Having considered that matter, I remain of the view that the relevant test is that in s 102(1): whether the interests of justice require that order. As I said in Marzini, the use of the term “require” shows that an order for costs should not be too readily made, and I accept that it may fairly be said that the wording of the heading to s 100 is another indication to the same effect. In so far as his Honour went further in Ralacom at [29], I consider that his statement cannot confine the discretion conferred on the Tribunal under s 102(1), or modify the test in that section. [citation omitted]

  1. [24]
    The proper interpretation of the plain language used in sections 100 and 102 occurs in a context summarised, for example, by Heydon J in Momcilovic v The Queen (2011) 245 CLR 1 at 175–176:

… the search [is] not for the intention of the legislature, but for the meaning of the language it used, interpreted in the context of that language. The context lies partly in the rest of the statute (which calls for interpretation of its language), partly in the pre-existing state of the law, partly in the mischief being dealt with and partly in the state of the surrounding law in which the statute is to operate. [citations omitted]  

  1. [25]
    The broader statutory context within the QCAT Act includes as an Object “to have the tribunal deal with matters in a way that is accessible, fair, just, economical and quick”.[18] The Act also includes as “the main purpose” having “parties represent themselves unless the interests of justice otherwise requires.”[19]  Notably, leave was given for all parties to be represented in the instant case.
  1. [26]
    The comments by Judicial Member McGill SC that a costs order “should not too readily be made” or that the interests of justice “must clearly support”[20] a costs order or that an order “should not be made lightly” can, in my respectful opinion, be seen as seeking to give expression a legislative context that sees sections 100 and 102 work in conjunction where both sections must be seen to do some work.

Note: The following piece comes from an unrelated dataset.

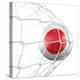 Japanese Soccer Ball in a Net-zentilia-Stretched Canvas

Again respectfully, I consider A Wilson J[21] was also seeking to give expression to that consideration rather than seeking to add a gloss to the plain words of the sections, or to curtail the exercise of discretion.   
  1. [27]
    However, as the review of the Tribunal decisions by Judicial Member McGill SC in the decisions earlier referred to illustrate (as, indeed, do submissions in the instant case), A Wilson J’s comments as to the need for the interests of justice to “point so compellingly to a costs order” and the need for a “strong contra-indication” to the s 100 mandate in Ralacom, have been interpreted as, in effect, adding an additional factor that must be satisfied, or hurdle that must be overcome, before an order for costs can be made. 
  1. [28]
    I respectfully agree with Judicial Member McGill SC that a conclusion to that effect is not a correct interpretation of sections 100 and 102 of the QCAT Act.
  2. [29]
    It follows that to the extent Dr Egan’s submission (and Mr Benton’s initial submission) assume such a requirement, each such submission should be rejected.
  1. [30]
    Judicial Member McGill SC refers to his approach as “essentially the same” as that postulated by “the Hon P Lyons QC in Thompson v Cannon [2020] QCAT 109, and by the Hon J B Thomas QC in Lee v Medical Board of Australia (No 2)  [2016] QCAT 321 at [38]”.[22]  In the latter case, his Honour said:

The ultimate question posed by the statutory provisions is whether it is in the interests of justice to make a costs order.  A wide range of circumstances must be considered in order to answer it.[23]

  1. [31]
    Again, with great respect, I agree. But among the circumstances to be considered must take into account what Keane JA in Tamawood called “a general rule” that, “good reason must be shown in terms of the interests of justice for making an award of costs …”.[24]   More recent decisions in respect of the QCAT Act appear to me to embrace that same proposition in holding that the interests of justice “must clearly support a costs order” or that such an order “should not be made lightly” or “should not too readily be made”.[25] 
  1. [32]
    The terms of s 102(3) make it clear that it is for the Tribunal to decide whether, in the exercise of the discretion to award costs, regard should be had to the enumerated factors within it.  Yet, their explicit enumeration is also an important contextual consideration.  In my view, their inclusion is an indication by the legislature that those factors, rather than other factors that might be considered, may figure more prominently in the assessment of the interests of justice and the ultimate exercise of the discretion.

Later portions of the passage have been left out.